### Aim of the task:
Verbatim copy without images: return all of the data as it stands.

### Collected material:
▬▬▬
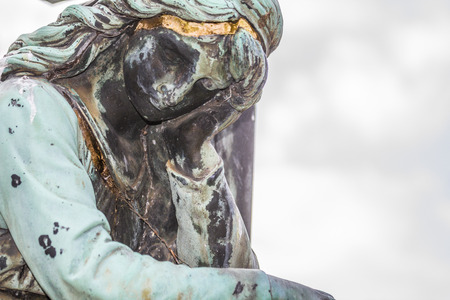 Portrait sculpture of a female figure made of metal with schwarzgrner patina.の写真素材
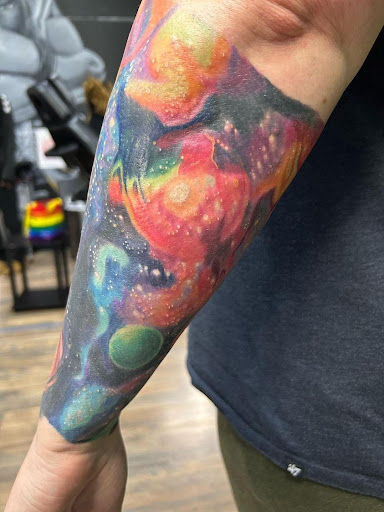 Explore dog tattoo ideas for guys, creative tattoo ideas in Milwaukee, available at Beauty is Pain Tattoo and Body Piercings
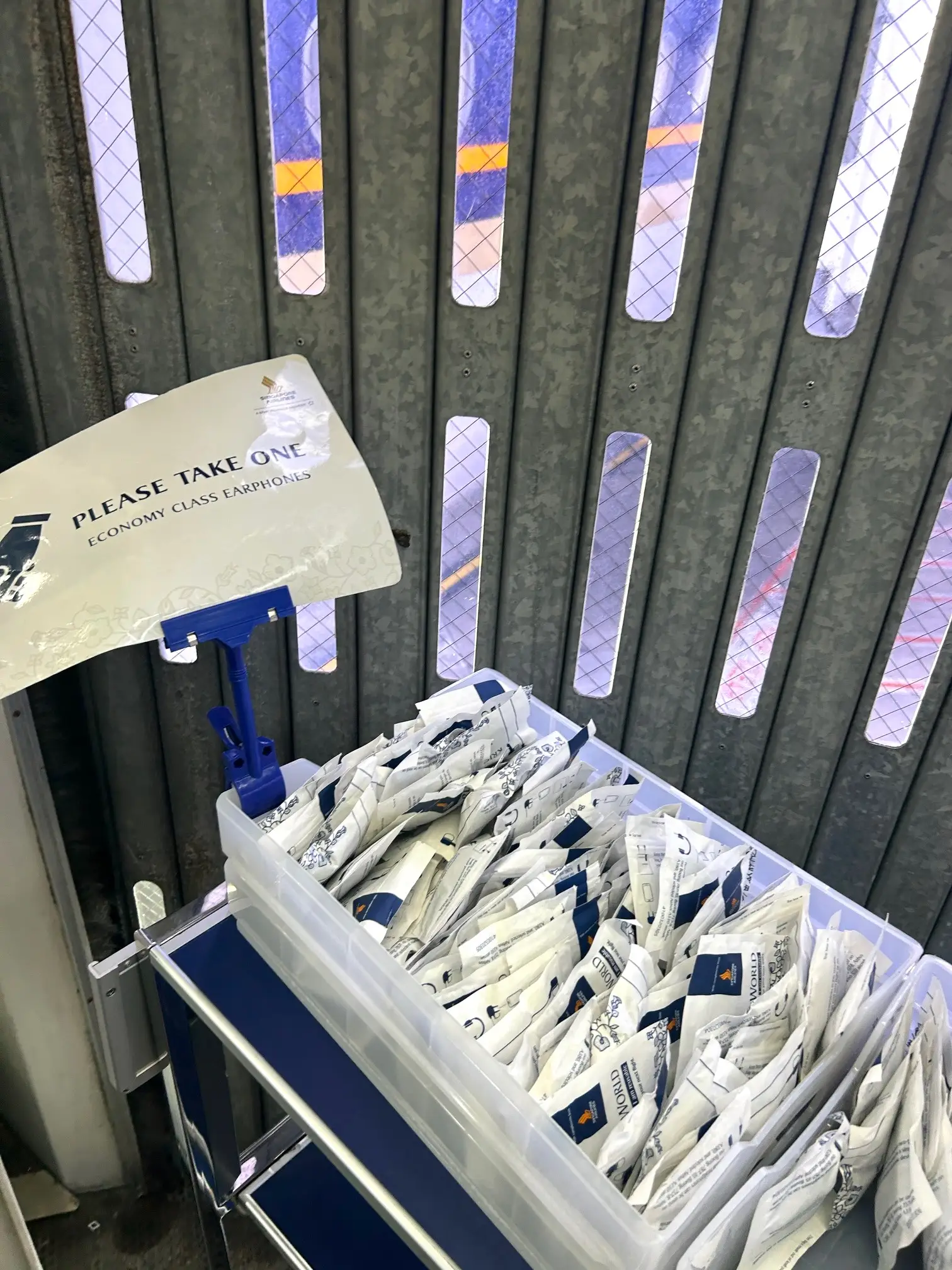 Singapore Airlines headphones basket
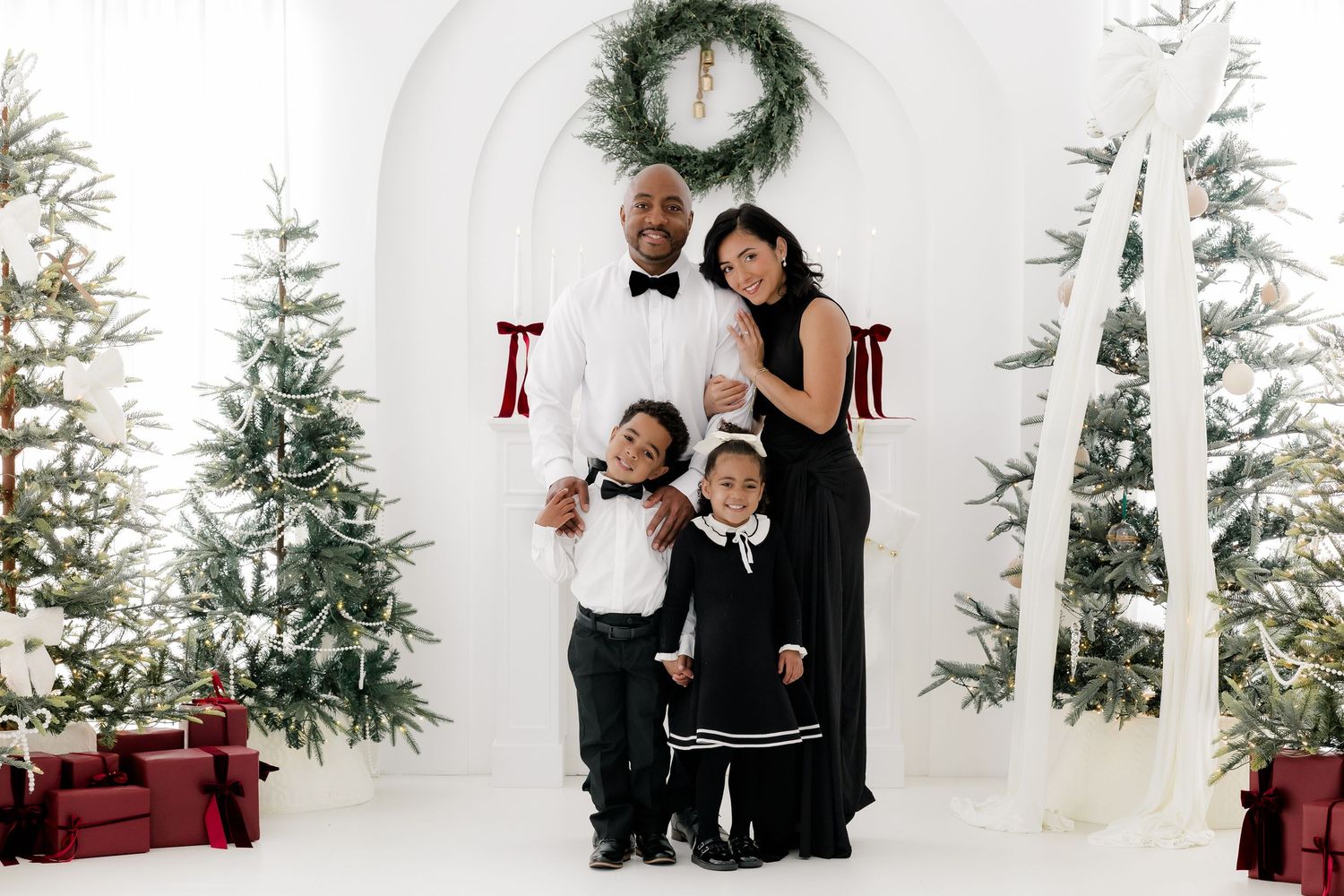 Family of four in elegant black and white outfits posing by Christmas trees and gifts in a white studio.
▬▬▬
### Reply to the task:
 Portrait sculpture of a female figure made of metal with schwarzgrner patina.の写真素材
 Explore dog tattoo ideas for guys, creative tattoo ideas in Milwaukee, available at Beauty is Pain Tattoo and Body Piercings
 Singapore Airlines headphones basket
 Family of four in elegant black and white outfits posing by Christmas trees and gifts in a white studio.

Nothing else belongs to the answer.